La primera síntesis es que sus habitantes muestran espontáneamente amabilidad, solidaridad y buen humor. Hablo de gente sencilla de la calle, choferes, guardianes y meseros, entre otros. He aquí unas pequeñas cápsulas anecdóticas.
En el Mirador del Paraíso mis amigos admiraron unos árboles que a pesar de su sequedad habían permitido que broten de ellos unas maravillosas flores amarillas.
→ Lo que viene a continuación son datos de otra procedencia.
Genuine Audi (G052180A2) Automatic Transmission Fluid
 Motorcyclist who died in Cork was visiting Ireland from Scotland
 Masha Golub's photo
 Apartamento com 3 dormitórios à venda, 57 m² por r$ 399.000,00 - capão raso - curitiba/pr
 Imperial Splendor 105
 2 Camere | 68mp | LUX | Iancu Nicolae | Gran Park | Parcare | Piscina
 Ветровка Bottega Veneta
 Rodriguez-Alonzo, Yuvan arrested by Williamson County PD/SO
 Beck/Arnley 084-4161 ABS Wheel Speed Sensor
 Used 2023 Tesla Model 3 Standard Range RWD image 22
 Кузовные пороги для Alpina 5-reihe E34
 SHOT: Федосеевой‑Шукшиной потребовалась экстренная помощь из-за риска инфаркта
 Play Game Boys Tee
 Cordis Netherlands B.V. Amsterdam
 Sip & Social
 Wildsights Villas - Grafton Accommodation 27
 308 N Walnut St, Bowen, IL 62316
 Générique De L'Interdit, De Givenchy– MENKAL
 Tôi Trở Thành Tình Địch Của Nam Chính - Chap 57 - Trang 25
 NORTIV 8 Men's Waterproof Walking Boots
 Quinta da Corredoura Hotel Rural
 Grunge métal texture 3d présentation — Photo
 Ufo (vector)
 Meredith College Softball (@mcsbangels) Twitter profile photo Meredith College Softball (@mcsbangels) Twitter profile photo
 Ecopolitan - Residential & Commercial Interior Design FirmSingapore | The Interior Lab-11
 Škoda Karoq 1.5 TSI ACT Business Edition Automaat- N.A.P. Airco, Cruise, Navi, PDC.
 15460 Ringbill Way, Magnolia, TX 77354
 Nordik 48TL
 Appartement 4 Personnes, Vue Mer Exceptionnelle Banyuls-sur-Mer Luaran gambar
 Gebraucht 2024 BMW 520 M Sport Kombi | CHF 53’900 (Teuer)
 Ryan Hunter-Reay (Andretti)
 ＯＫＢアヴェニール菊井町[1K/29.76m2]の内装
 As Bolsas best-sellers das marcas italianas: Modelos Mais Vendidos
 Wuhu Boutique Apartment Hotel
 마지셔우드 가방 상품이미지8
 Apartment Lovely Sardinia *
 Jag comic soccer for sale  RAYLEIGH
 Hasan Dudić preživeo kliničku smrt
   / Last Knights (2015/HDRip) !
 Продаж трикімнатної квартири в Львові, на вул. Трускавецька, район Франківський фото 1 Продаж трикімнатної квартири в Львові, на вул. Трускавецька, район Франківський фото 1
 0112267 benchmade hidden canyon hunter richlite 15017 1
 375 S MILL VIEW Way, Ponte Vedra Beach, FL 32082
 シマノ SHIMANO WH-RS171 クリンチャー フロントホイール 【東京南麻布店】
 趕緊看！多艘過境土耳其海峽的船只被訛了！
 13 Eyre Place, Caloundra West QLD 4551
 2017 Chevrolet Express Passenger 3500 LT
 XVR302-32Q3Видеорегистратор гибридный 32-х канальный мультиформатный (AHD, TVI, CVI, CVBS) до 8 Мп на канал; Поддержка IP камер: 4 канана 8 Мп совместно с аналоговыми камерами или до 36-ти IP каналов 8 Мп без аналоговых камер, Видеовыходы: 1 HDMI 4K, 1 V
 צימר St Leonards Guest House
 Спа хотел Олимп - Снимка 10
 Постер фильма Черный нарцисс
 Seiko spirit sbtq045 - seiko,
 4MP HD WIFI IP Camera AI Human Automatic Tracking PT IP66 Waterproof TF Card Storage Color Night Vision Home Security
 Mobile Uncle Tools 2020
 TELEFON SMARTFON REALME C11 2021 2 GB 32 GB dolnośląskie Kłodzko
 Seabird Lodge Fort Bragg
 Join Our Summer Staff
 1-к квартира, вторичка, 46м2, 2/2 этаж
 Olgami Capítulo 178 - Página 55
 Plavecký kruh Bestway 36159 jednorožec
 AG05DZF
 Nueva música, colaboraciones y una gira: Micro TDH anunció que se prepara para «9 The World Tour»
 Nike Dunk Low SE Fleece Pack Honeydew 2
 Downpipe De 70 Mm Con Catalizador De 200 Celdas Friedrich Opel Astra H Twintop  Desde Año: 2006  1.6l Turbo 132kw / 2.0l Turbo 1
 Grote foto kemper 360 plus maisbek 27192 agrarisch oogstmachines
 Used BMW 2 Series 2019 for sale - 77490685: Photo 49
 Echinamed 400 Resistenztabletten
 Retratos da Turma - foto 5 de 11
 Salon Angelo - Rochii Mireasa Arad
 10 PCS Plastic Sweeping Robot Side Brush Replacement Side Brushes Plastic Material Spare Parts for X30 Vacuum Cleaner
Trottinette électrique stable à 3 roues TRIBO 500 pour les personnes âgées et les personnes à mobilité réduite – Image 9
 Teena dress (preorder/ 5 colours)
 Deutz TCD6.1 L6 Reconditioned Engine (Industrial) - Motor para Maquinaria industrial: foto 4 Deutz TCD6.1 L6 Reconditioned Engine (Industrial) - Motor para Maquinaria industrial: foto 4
Al preguntar qué árbol era al guardián, este respondió con una sonrisa muy amable: “¡Ah!… ese es un árbol normal…”. La respuesta los desconcertó al contrastar que lo que para ellos, los extranjeros, era muy exótico, es para nosotros normal.
Otra tierna interacción se dio a la salida del Parque Seminario, donde las niñitas disfrutaron a rabiar con las iguanas, palomas y tortugas, debiendo sacarlas casi arrastradas, presentándose
entonces otra gran tentación con la estatua de bronce de Medardo Ángel Silva sentado y meditando con un libro.
Las niñitas querían sentarse en su falda, situación imposible pues ya lo hacían otros niñitos que estaban acompañados de su papá, quien al darse cuenta del conflicto persuadió a sus hijos para que cedan el espacio. Fue un gesto de gran valor pedagógico para todos.
Seguimos… El día fue largo y cerca de los juegos infantiles de La Perla en nuestro Malecón 2000 y ya agobiadas por el calor, buscábamos refugiarnos cerca de cualquier sombra y una modesta mujer que había logrado poner una silla debajo de una tolda, se paró a cederle su puesto a mi amiga, quien se conmovió enormemente y no lo aceptó.
Guayaquil sigue avanzando en turismo y debe, naturalmente, sofisticar y comprender mejor la visión del otro; valorar y conocer a fondo lo nuestro. No es solamente una nueva forma de generar ingresos, es también apostarle a la fraternidad universal.